Salgamos de la trampa. La discusión pública acerca de los diversos problemas que tenemos en el país no será útil sin eludir la estructura común de los intercambios. Es polar: o todo es de un modo, o se trata de todo lo contrario. Alguien dijo: “en las crisis, no hay matices”. Sostengo lo contrario: es justo en las crisis donde es crucial debatir sin caer en generalizaciones absolutas, so pena de perder la oportunidad de establecer una comunicación fértil. Aunque resulte incómoda para ambos bandos, pues lo que esperan es una definición por A o por B sin más argumento que la adhesión a secas —¿con melón o con sandía?— el esfuerzo por evitar juicios sumarios es imprescindible.

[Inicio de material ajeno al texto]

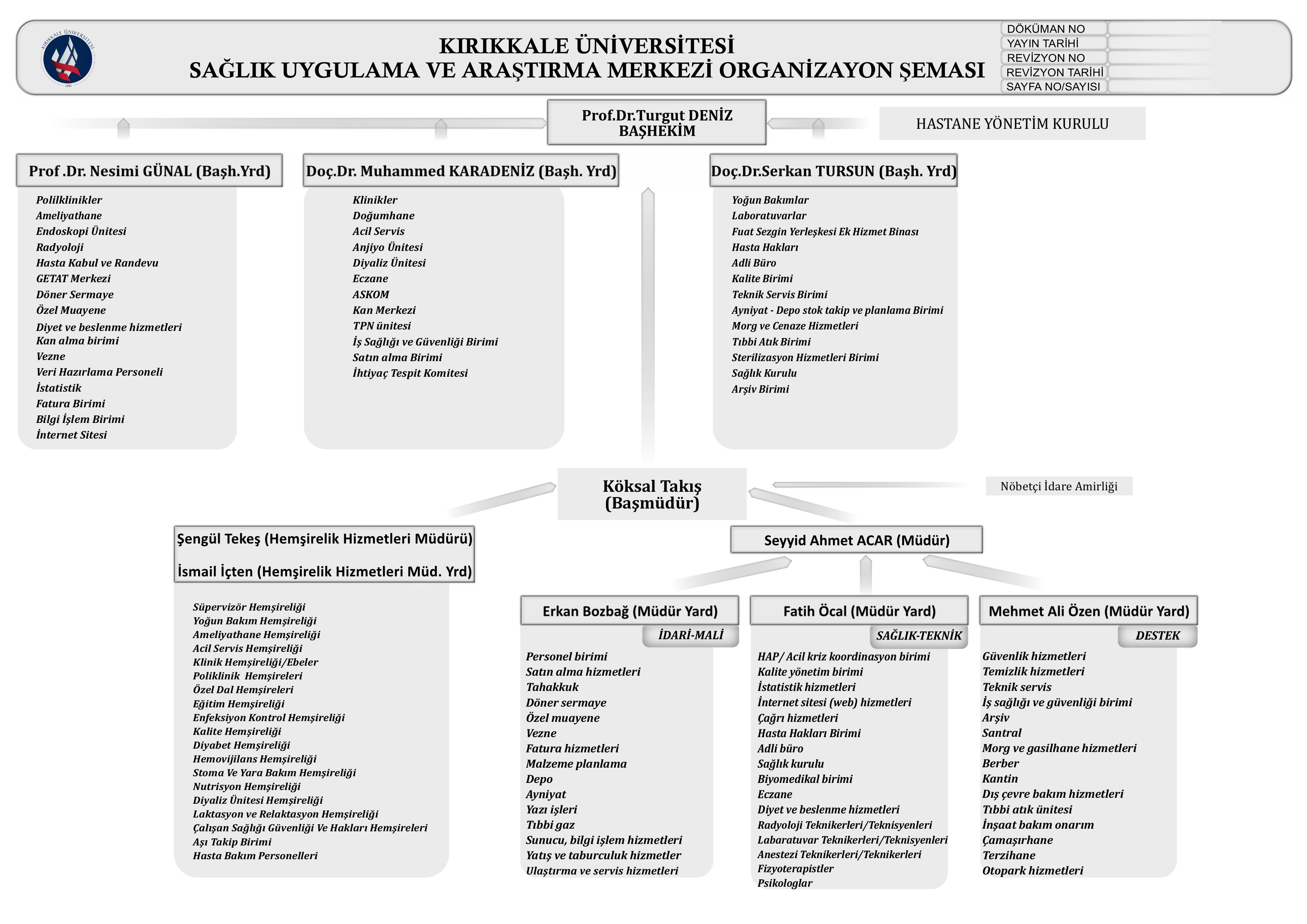 organizayon semasi2025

Tan torpe es declarar que a todas las universidades les caracteriza estar controladas por mafias, como aseverar que son instituciones ajenas a las tensiones del poder y la conformación de grupos que acaparan recursos de forma inadecuada.
Afirmar que las relaciones y condiciones laborales se agotan en la existencia de un sector privilegiado, monolítico, y otro hundido en la precariedad, también sin diferenciación interna, es tan improcedente como la proposición opuesta que sostiene la ausencia de contradicciones en su régimen laboral.

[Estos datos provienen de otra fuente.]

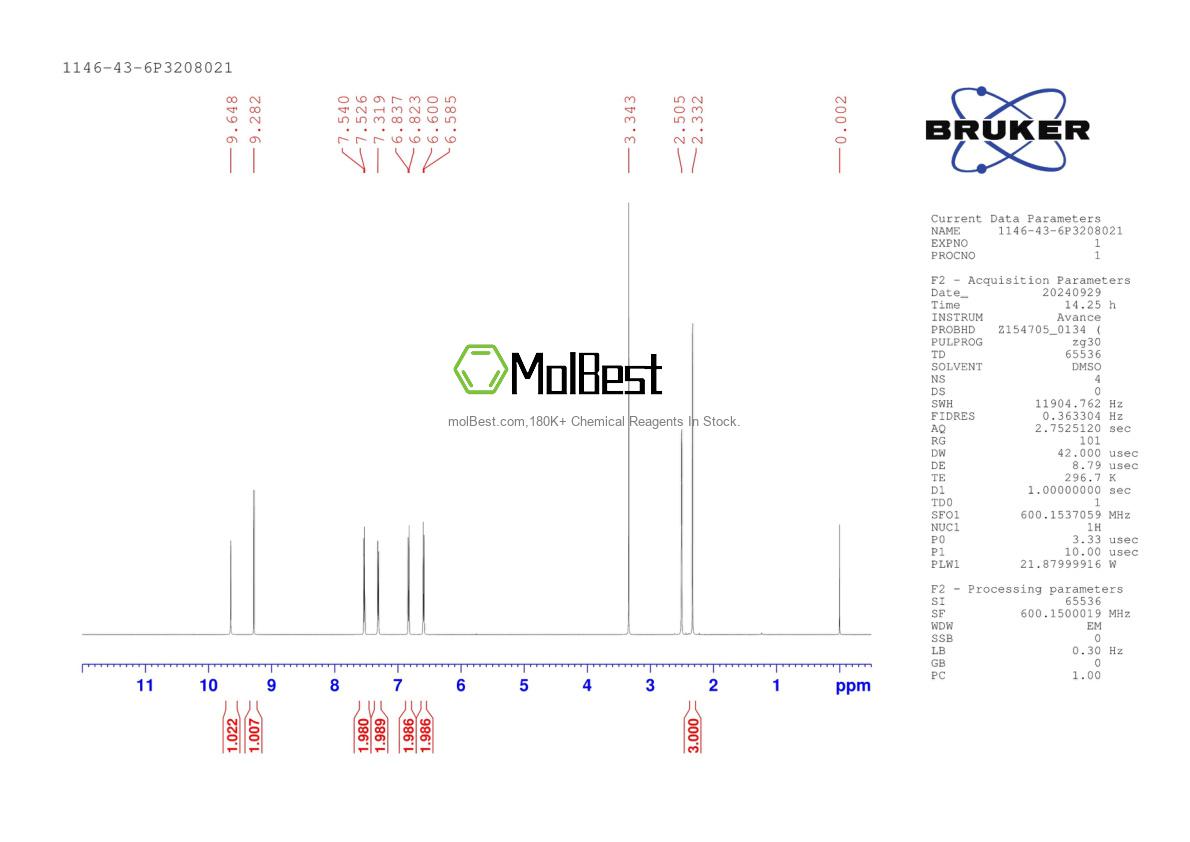 Physical sample testing spectrum (NMR) of 1146-43-6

Es igual de absurdo postular que la autonomía equivale, per se, a un simple valladar para operar de manera corrupta, que, por defender esta imprescindible condición constitucional, no sea válido reconocer la urgencia de revisar los procedimientos de transparencia en donde las decisiones reales son opacas, pese a que formalmente parezcan claras.
Señalar que no son democráticas y, por ende, solo hay autoritarismo a su interior, es una propuesta igual de equívoca que la que expresa la existencia de canales plenamente eficaces para la participación de todos los universitarios.
La situación en estos asuntos (y en otros) es, por un lado, más compleja en cada una, y además diversa entre ellas. Ninguna universidad o institución de educación superior cabe, para entender sus logros y fallas, en el esquema maniqueo, o blanco o negro, que está atropellando las consideraciones necesarias para fortalecer sus funciones, y reformar lo que sea preciso para hacer más relevante su papel en la nación.
Contamos con una amplia serie de investigaciones, realizadas durante décadas, sobre este nivel de estudios, sus actores y características organizacionales, en que el análisis crítico no ha estado ausente. Los movimientos estudiantiles y las organizaciones académicas y sindicales han procurado, no sin contradicciones, pero con innegables aciertos, enmendar entuertos y abrir espacios. Su estudio y atención conduciría a una condición para el diálogo que, sin dejar de ser intenso y fuerte como es propio de los debates en temas sociales, pueda abrir senderos de entendimiento, formas de resolución de contradicciones y estrategias para atender, con inteligencia, sus dilemas.
Como los matices que derivan de los análisis serios se escapan de la comodidad futbolera de ¿a quién le vas?, sostener que es necesario otro modo de discutir las cosas públicas para hallar mejores formas de resolver problemas reales, genera el rechazo de los dos extremos: ese es, quizá, el mejor indicio de su imperiosa necesidad si, de verdad, nos importa el país y su futuro.